First of all, realize that getTextContent is intended for searchable text extraction and that's all it's intended to do.
It's been suggested in the comments above that you use page.getOperatorList(), but that's basically re-implementing the whole PDF drawing model in your code... which is basically silly because the largest chunk of PDFJS does exactly that... except not for the purpose of text extraction but for the purpose of rendering to canvas. So what you want to do is to hack canvas.js so that instead of just setting its internal knobs it also does some callbacks to your code. Alas, if you go this way, you won't be able to use stock PDFJS, and I rather doubt that your goal of color extraction will be seen as very useful for PDFJS' main purpose, so your changes are likely not going to get accepted upstream, so you'll likely have to maintain your own fork of PDFJS.

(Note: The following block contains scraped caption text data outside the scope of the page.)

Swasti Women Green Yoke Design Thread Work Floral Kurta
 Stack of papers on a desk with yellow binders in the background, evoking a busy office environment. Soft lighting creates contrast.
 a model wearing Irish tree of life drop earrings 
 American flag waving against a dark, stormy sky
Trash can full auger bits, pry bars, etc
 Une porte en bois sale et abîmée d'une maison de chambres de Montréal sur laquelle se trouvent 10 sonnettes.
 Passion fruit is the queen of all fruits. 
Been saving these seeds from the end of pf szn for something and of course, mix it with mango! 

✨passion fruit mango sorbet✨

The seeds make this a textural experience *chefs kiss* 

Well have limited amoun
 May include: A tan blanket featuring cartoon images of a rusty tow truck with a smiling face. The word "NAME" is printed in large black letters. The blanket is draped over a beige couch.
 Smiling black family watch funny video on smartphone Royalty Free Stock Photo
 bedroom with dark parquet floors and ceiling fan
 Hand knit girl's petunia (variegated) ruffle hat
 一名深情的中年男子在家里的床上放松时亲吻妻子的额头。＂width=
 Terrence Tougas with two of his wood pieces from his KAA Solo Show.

After this dire warning, what you'd need to minimally change are the functions where PDFJS has parsed the PDF color operators and sets its own canvas painting color. That happens around line 1566 (of canvas.js) in function setFillColorN. You'll also need to hook the text render... which is rather a character renderer at canvas.js level, namely CanvasGraphics_paintChar around line 1270. With these two hooked, you'll get a stream of callbacks for color changes interspersed between character drawing sequences. So you can reconstruct the color of character sequences reasonably easy from this.. in the simple color cases.
And now I'm getting to the really ugly part: the fact that PDF has an extremely complex color model. First there are two colors for drawing anything, including text: a fill color and stroke (outline) color. So far not too scary, but the color is an index in a ColorSpace... of which there are several, RGB being only one possibility. Then there's also alpha and compositing modes, so the layers (of various alphas) can result in a different final color depending on the compositing mode. And the PDFJS has not a single place where it accumulates color from layers.. it simply [over]paints them as they come. So if you only extract the fill color changes and ignore alpha, compositing etc.. it will work but not for complex documents.
Hope this helps.
There's no need to patch pdfjs, the transform property gives the x and y, so you can go through the operator list and find the setFillColor op that precedes the text op at that point.